=== Records for processing ===

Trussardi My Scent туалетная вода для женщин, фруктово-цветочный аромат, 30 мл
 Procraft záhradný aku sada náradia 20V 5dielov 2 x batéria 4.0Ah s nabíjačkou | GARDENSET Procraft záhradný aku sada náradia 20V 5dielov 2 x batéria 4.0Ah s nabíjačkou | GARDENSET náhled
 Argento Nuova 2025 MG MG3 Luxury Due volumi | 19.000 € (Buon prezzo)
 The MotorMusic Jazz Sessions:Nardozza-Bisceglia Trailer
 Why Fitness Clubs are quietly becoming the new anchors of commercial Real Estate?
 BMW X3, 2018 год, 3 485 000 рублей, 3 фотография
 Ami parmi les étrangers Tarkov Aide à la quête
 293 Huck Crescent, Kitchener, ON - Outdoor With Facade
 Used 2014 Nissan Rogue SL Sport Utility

===
=== Records for processing ===

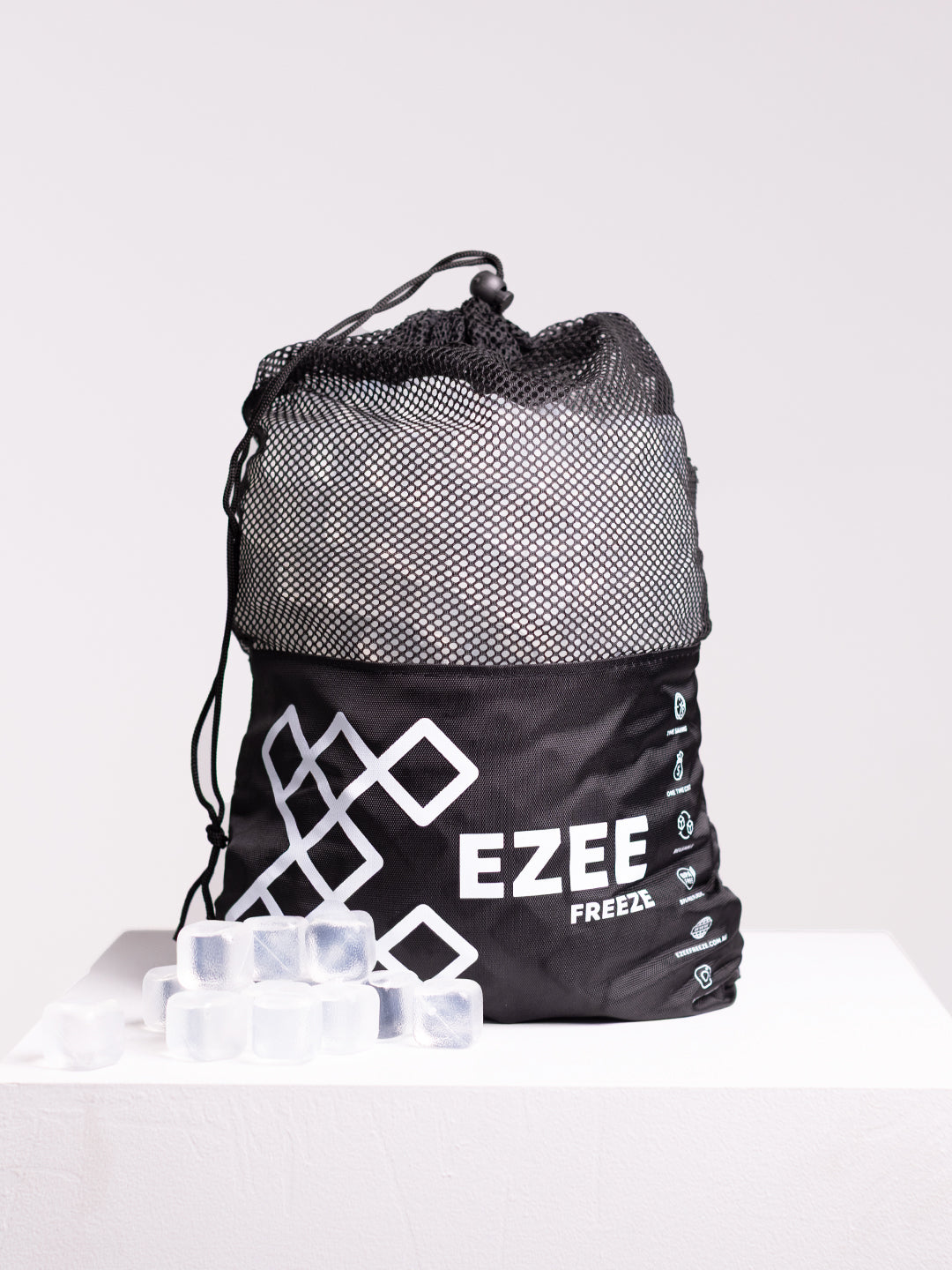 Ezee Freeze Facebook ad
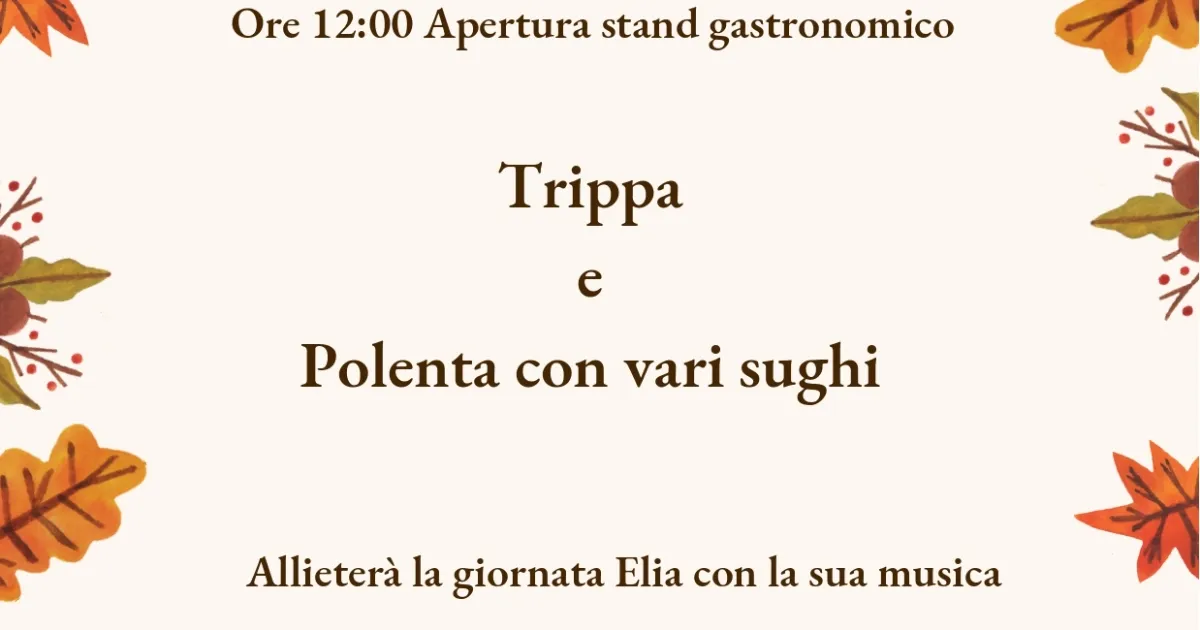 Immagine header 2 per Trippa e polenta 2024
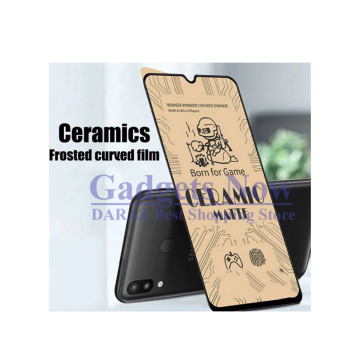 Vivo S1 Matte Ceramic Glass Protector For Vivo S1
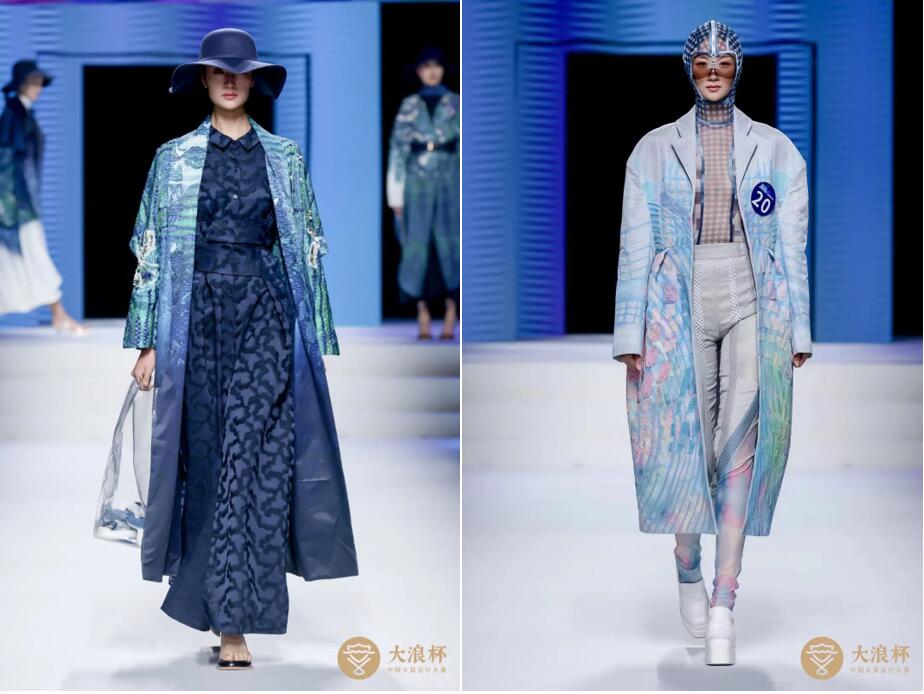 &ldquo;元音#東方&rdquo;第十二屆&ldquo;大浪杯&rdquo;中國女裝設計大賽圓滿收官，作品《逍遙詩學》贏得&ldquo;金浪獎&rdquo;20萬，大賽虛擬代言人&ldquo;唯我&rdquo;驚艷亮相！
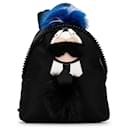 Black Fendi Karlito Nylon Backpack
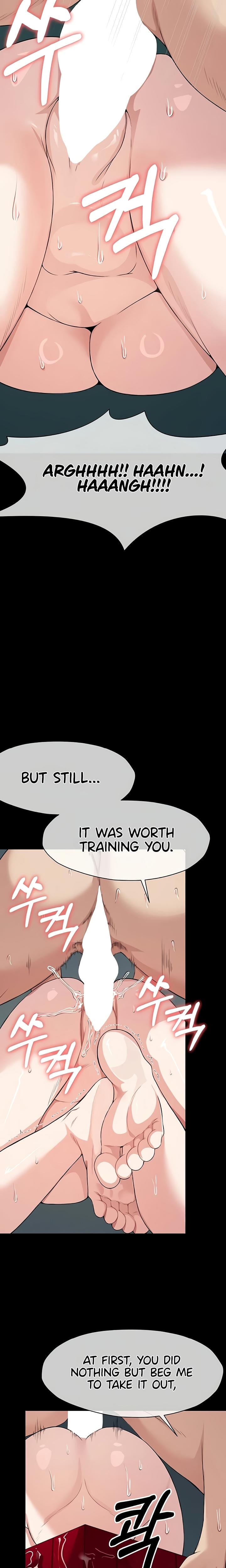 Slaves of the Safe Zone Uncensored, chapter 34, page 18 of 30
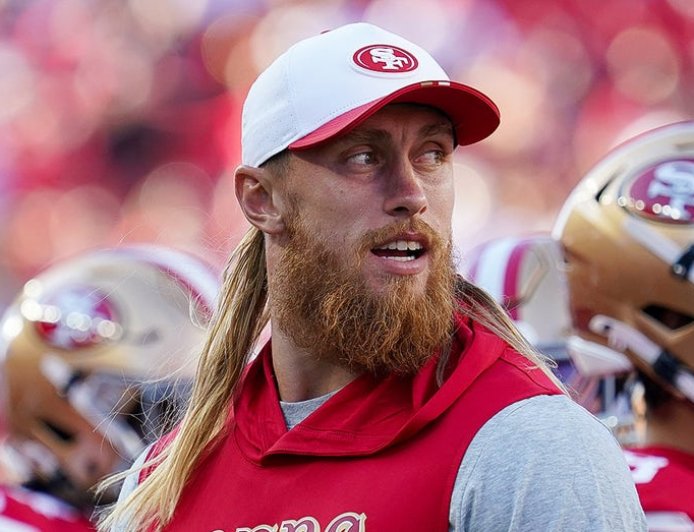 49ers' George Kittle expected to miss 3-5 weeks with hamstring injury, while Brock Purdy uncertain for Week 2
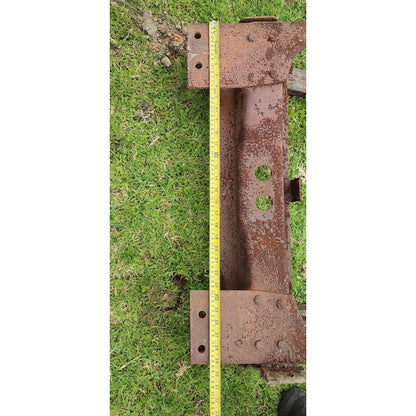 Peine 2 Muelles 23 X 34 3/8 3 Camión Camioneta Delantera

===
=== Records for processing ===

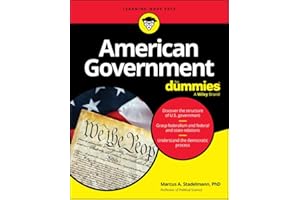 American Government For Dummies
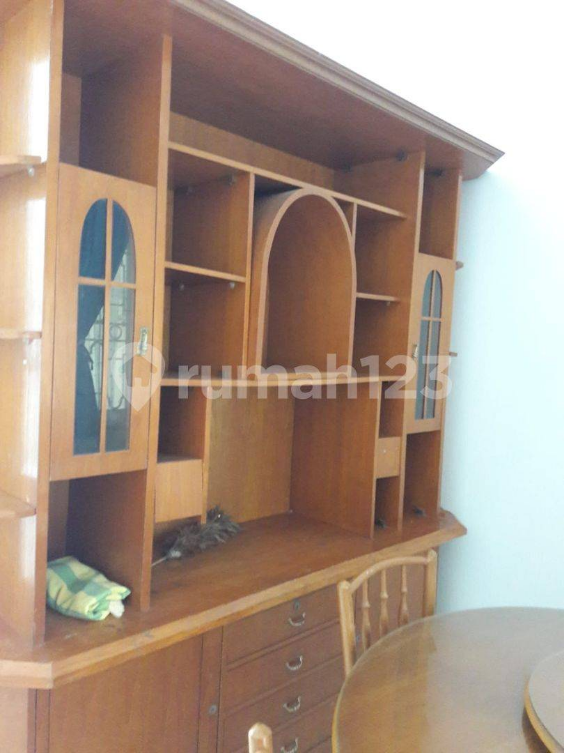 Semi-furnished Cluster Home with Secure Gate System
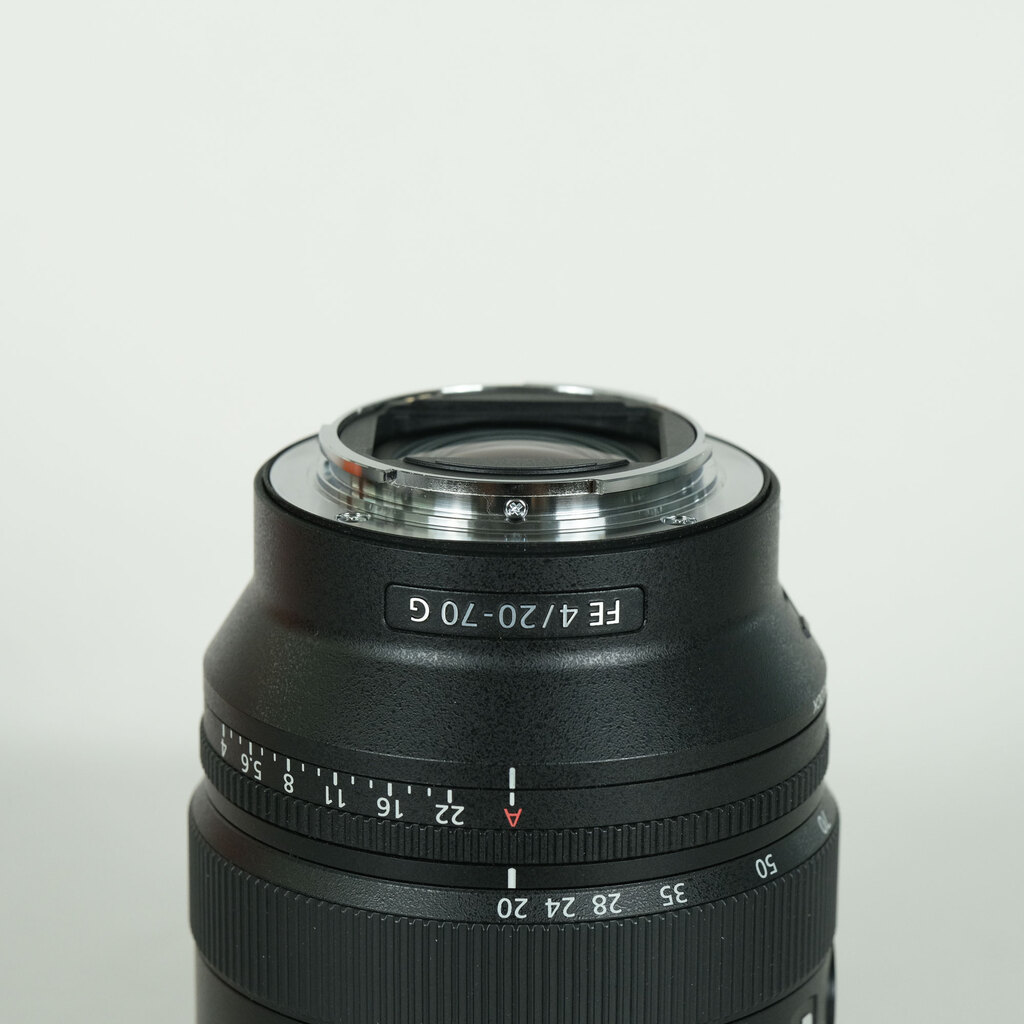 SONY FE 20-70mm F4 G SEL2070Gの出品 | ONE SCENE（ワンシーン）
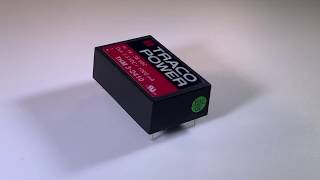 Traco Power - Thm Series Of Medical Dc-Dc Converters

===

Problem to solve: In the listing above, find the line containing "293 Huck Crescent, Kitchener, ON" and the line containing "Used 2014 Nissan Rogue SL Sport Utility", then retype both and every line between them exactly, with nothing else.

Response to this exercise:
 293 Huck Crescent, Kitchener, ON - Outdoor With Facade
 Used 2014 Nissan Rogue SL Sport Utility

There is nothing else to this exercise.